Copy the data that follows, exactly and completely.

- [Supplied information]
*** Begin section ***
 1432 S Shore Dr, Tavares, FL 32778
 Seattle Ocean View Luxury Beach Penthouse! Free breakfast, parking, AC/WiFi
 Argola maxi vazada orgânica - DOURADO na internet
*** End section ***
- [Result for this task]
 1432 S Shore Dr, Tavares, FL 32778
 Seattle Ocean View Luxury Beach Penthouse! Free breakfast, parking, AC/WiFi
 Argola maxi vazada orgânica - DOURADO na internet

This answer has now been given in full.